§ **What is required**: Exact duplicates of the lines from the top of the data through the line containing "Groovy Abstrakte Wirbel" are needed, with every picture left out.

§ **Record excerpts**:
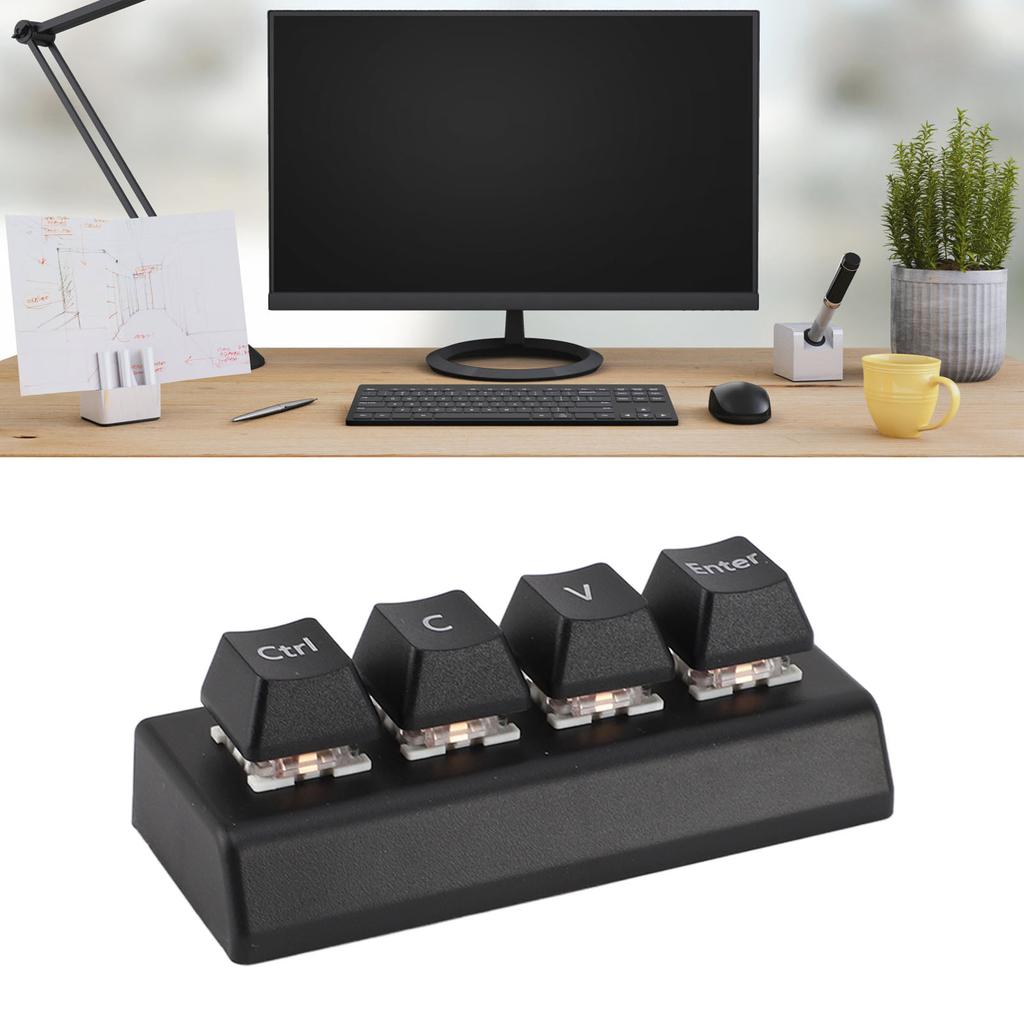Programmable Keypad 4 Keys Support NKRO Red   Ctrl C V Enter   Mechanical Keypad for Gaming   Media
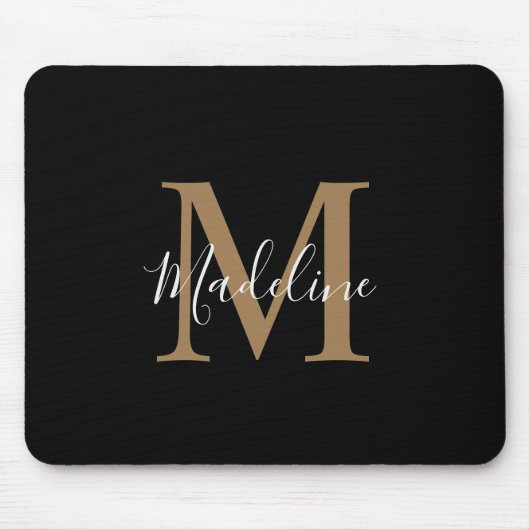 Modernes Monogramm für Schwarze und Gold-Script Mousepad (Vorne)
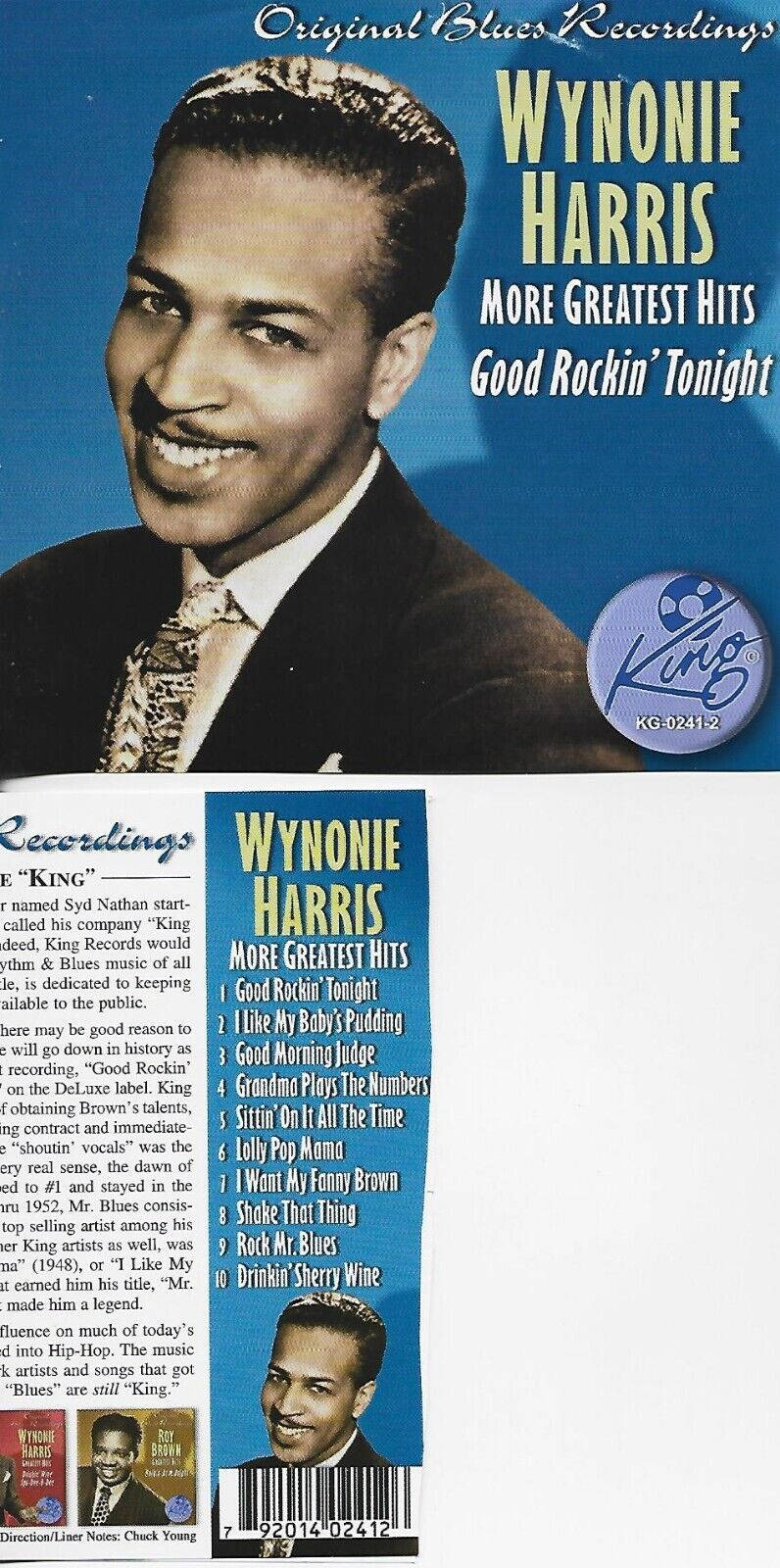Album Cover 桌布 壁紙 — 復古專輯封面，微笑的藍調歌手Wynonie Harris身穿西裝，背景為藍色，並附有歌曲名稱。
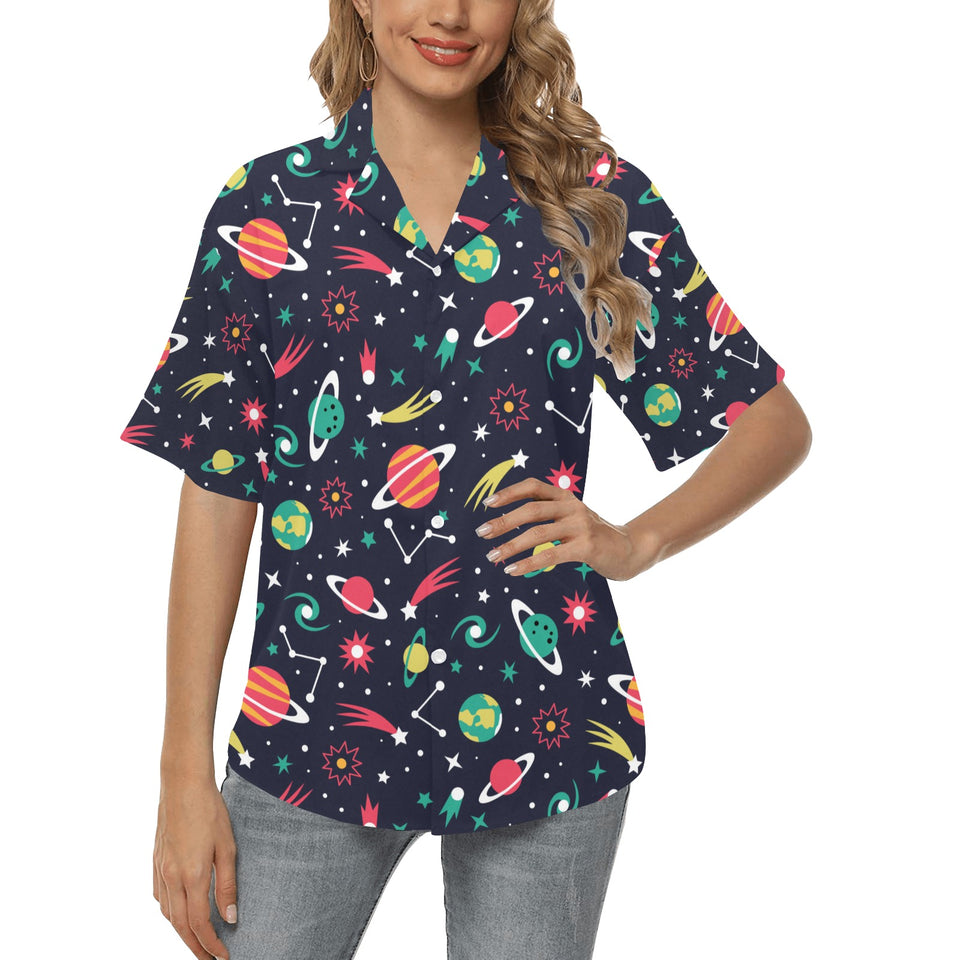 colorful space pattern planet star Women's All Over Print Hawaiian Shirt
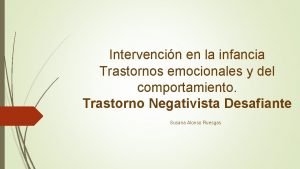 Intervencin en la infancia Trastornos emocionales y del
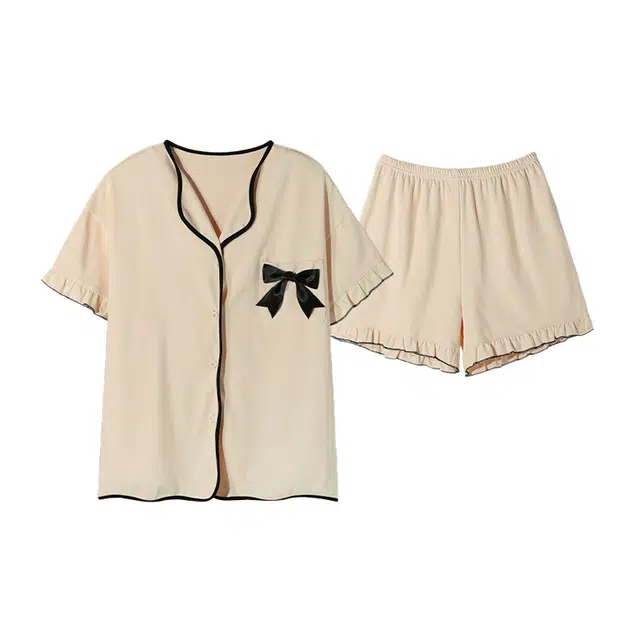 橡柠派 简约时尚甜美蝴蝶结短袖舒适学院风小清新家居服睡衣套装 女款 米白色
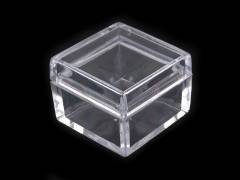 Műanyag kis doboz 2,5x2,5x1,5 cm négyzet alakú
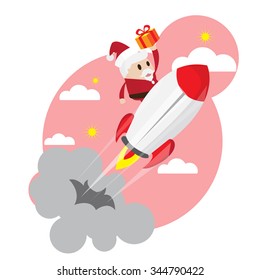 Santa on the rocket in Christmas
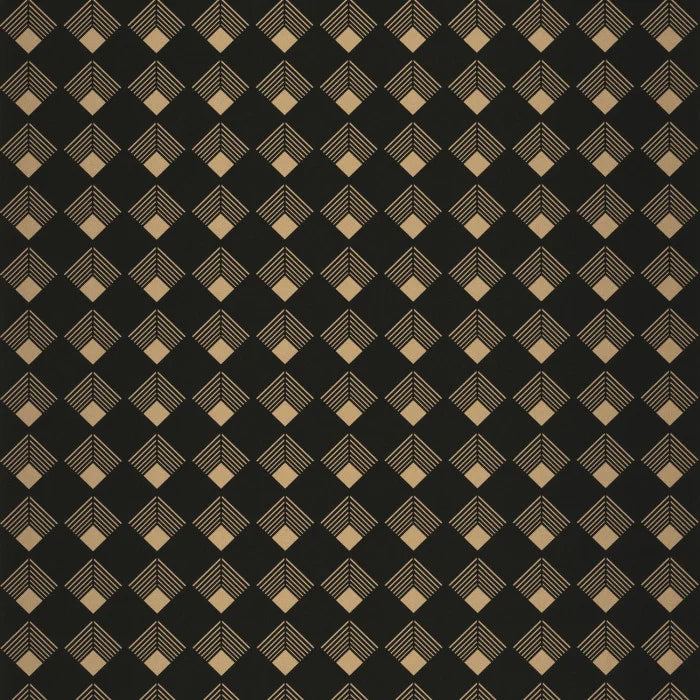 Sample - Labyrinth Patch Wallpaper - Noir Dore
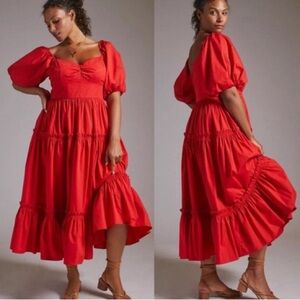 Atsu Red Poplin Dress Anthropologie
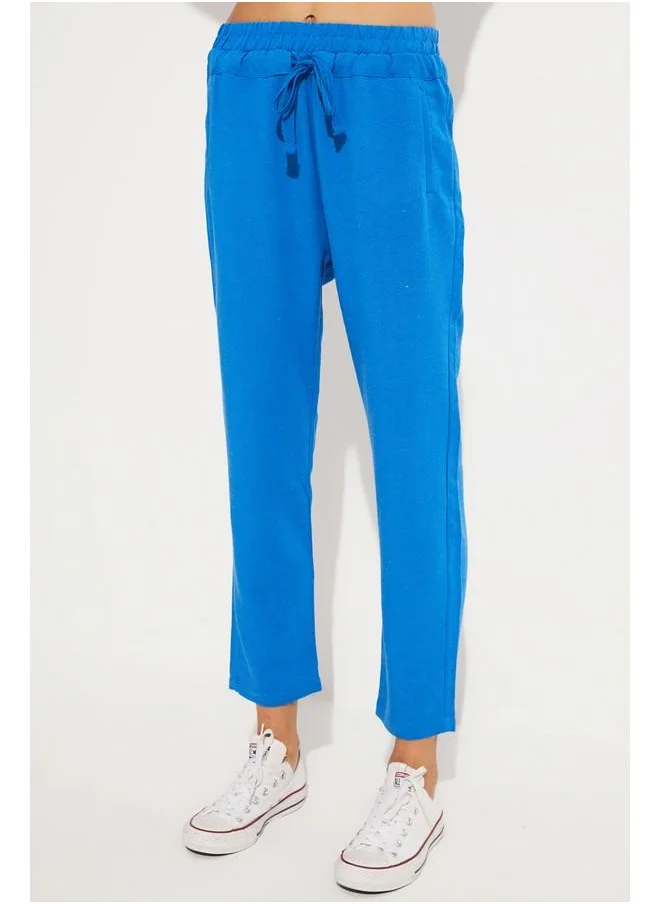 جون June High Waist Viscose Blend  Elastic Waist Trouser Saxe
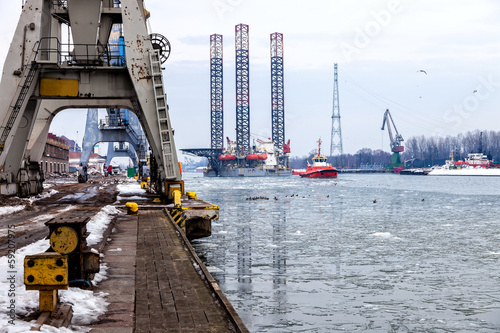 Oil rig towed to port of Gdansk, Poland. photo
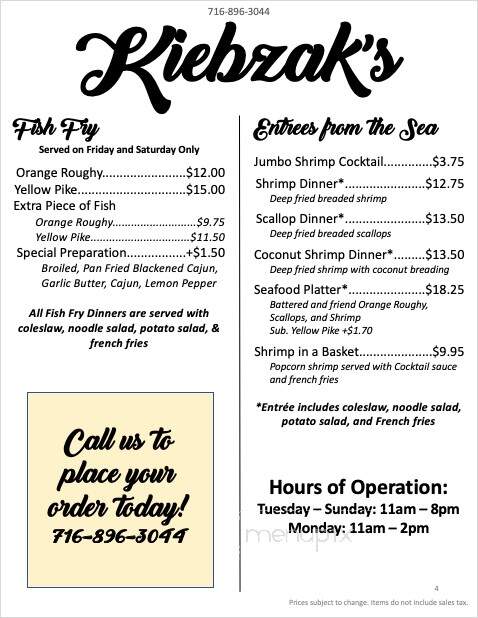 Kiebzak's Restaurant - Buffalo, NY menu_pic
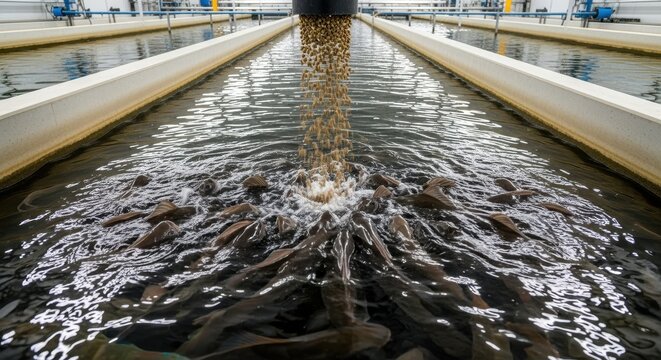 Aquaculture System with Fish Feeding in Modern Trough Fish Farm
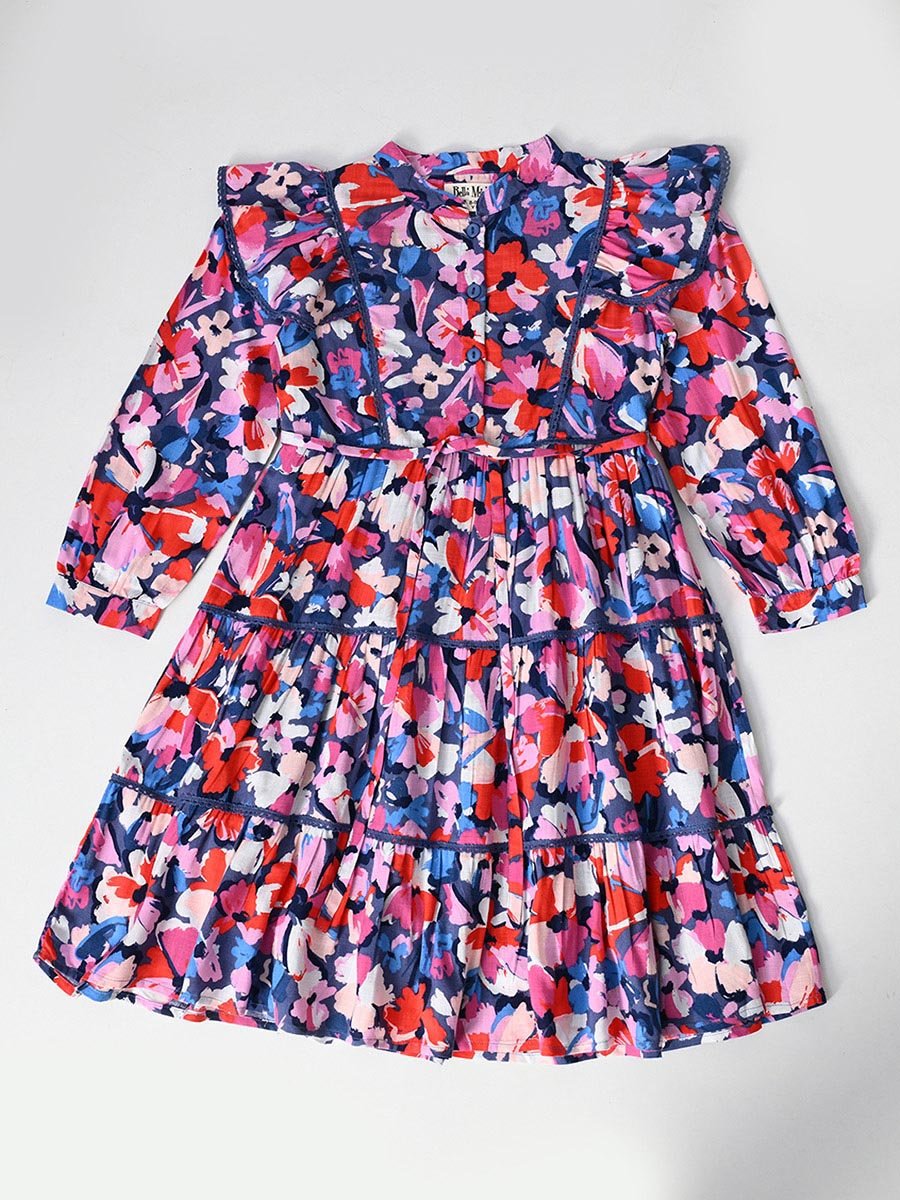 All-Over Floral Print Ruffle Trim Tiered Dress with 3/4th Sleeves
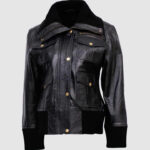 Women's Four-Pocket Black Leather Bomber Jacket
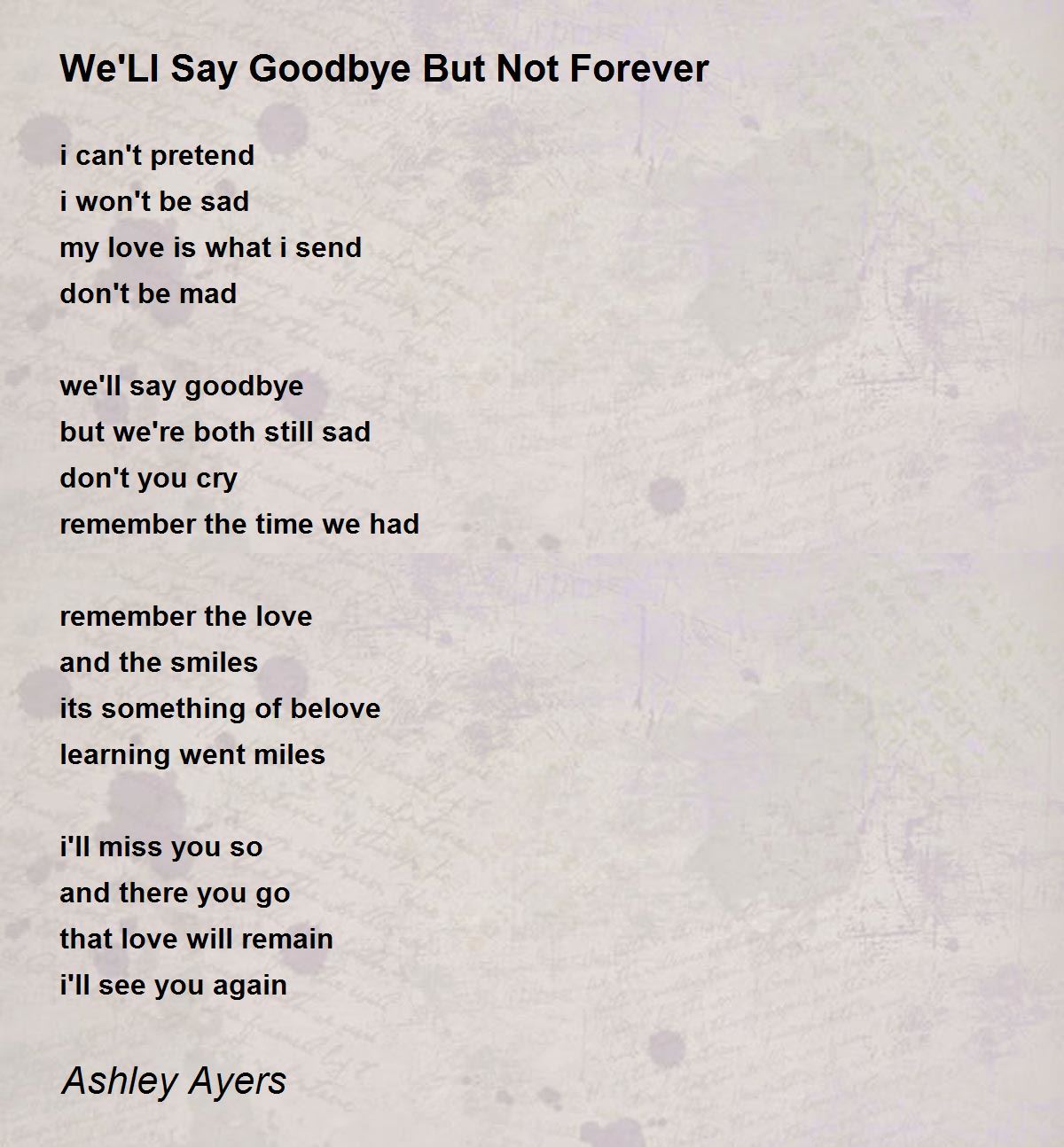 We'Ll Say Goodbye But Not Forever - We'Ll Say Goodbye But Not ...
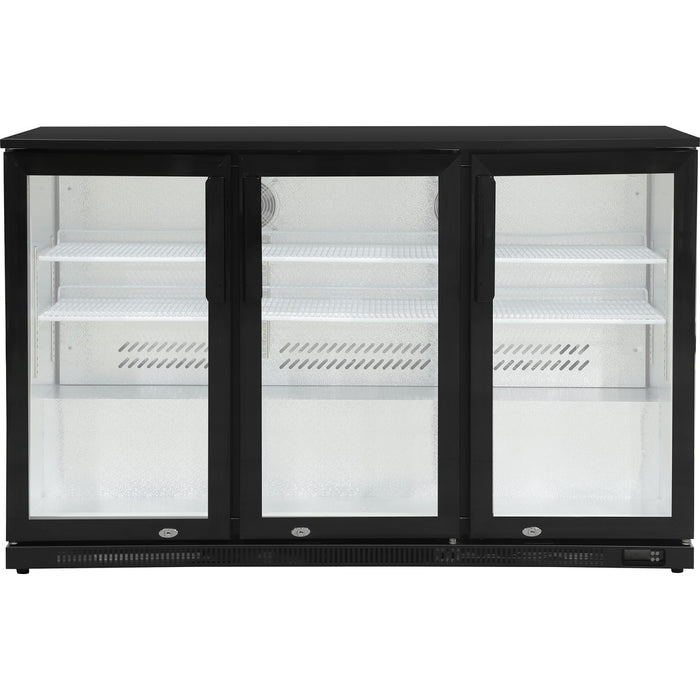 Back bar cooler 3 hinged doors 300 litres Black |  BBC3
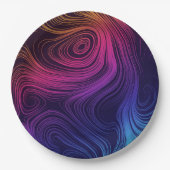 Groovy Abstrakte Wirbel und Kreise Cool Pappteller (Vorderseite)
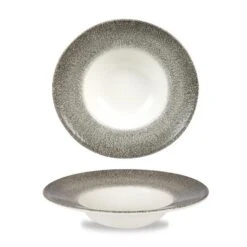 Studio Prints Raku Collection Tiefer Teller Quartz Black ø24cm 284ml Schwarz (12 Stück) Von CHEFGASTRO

§ **Answer space**:
Programmable Keypad 4 Keys Support NKRO Red   Ctrl C V Enter   Mechanical Keypad for Gaming   Media
 Modernes Monogramm für Schwarze und Gold-Script Mousepad (Vorne)
Album Cover 桌布 壁紙 — 復古專輯封面，微笑的藍調歌手Wynonie Harris身穿西裝，背景為藍色，並附有歌曲名稱。
 colorful space pattern planet star Women's All Over Print Hawaiian Shirt
 Intervencin en la infancia Trastornos emocionales y del
 橡柠派 简约时尚甜美蝴蝶结短袖舒适学院风小清新家居服睡衣套装 女款 米白色
 Műanyag kis doboz 2,5x2,5x1,5 cm négyzet alakú
 Santa on the rocket in Christmas
 Sample - Labyrinth Patch Wallpaper - Noir Dore
 Atsu Red Poplin Dress Anthropologie
 جون June High Waist Viscose Blend  Elastic Waist Trouser Saxe
 Oil rig towed to port of Gdansk, Poland. photo
 Kiebzak's Restaurant - Buffalo, NY menu_pic
 Aquaculture System with Fish Feeding in Modern Trough Fish Farm
 All-Over Floral Print Ruffle Trim Tiered Dress with 3/4th Sleeves
 Women's Four-Pocket Black Leather Bomber Jacket
 We'Ll Say Goodbye But Not Forever - We'Ll Say Goodbye But Not ...
 Back bar cooler 3 hinged doors 300 litres Black |  BBC3
 Groovy Abstrakte Wirbel und Kreise Cool Pappteller (Vorderseite)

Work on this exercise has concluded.